Chief of the Joint General Staff of the Republic of Vietnam Military Forces
- In office 29 November 1954 – December 1962
- Preceded by: Nguyễn Văn Hinh
- Succeeded by: Trần Thiện Khiêm

Personal details
- Born: May 17, 1904 Thắng Nhì, Vũng Tàu, French Indochina
- Died: October 20, 1964 (aged 60) Saigon, Republic of Vietnam
- Children: 3 (plus one adopted daughter)

Military service
- Allegiance: France State of Vietnam South Vietnam
- Branch/service: French Army Vietnamese National Army Army of the Republic of Vietnam
- Years of service: 1922–1964
- Rank: Marshal (Thống Tướng)

= Lê Văn Tỵ =

South Vietnamese general (1904–1964)

Army General Lê Văn Tỵ (17 May 1904 - 20 October 1964) was the first chief of staff of the Army of the Republic of Vietnam. He replaced Nguyễn Văn Hinh as Chief of the Joint General Staff. He was previously a general in the Vietnamese National Army of the State of Vietnam, which became the Republic of Vietnam in 1955 after Prime Minister Ngô Đình Diệm deposed Emperor Bảo Đại in a fraudulent referendum. He is the only general to be promoted to the Marshal.

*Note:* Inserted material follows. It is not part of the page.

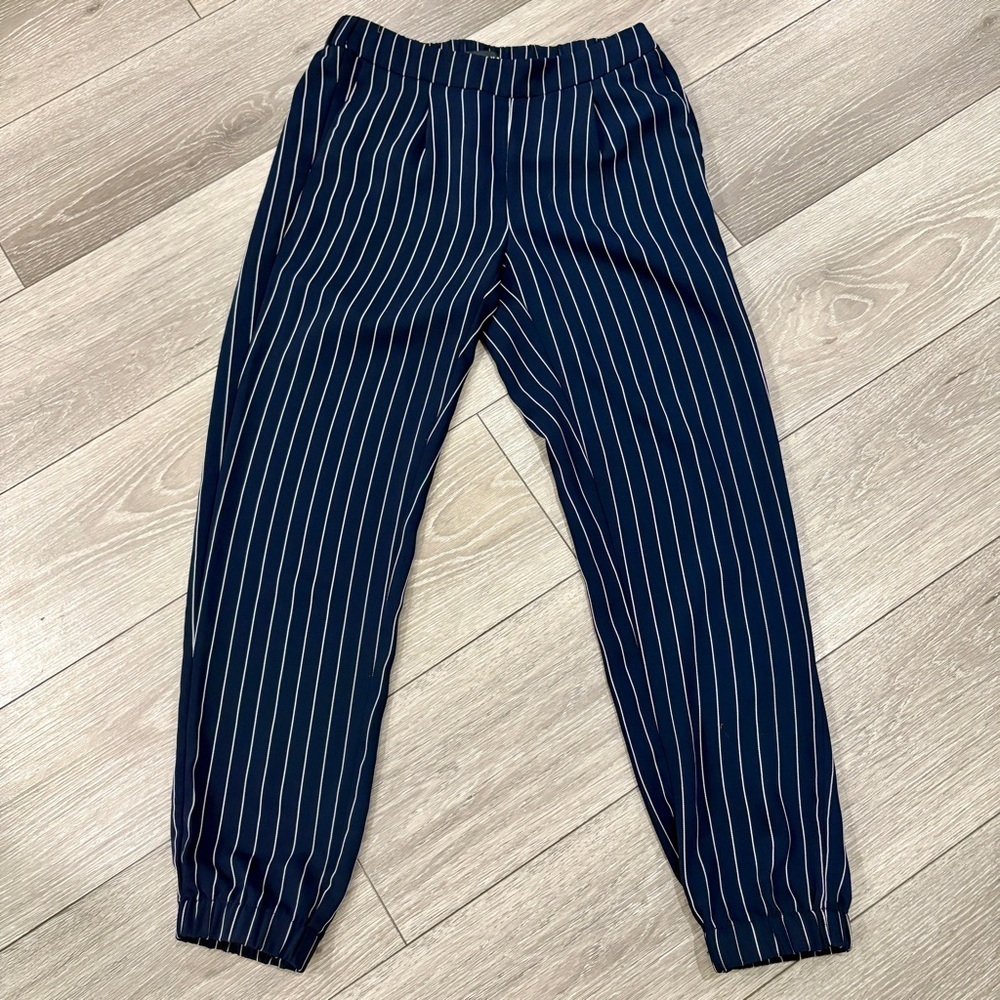 Trouve Navy & Ivory Emma Stripe Elastic Waist Joggers Size 00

During the First Indochina War, he was appointed brigadier general in the Vietnamese National Army.

Tỵ's deteriorating health forced him to retire in 1964. He succumbed to cancer in 1964. He was a recipient of the National Order of Vietnam.

He is also the only General of the Republic of Vietnam to be promoted to the 5-star rank of Army General.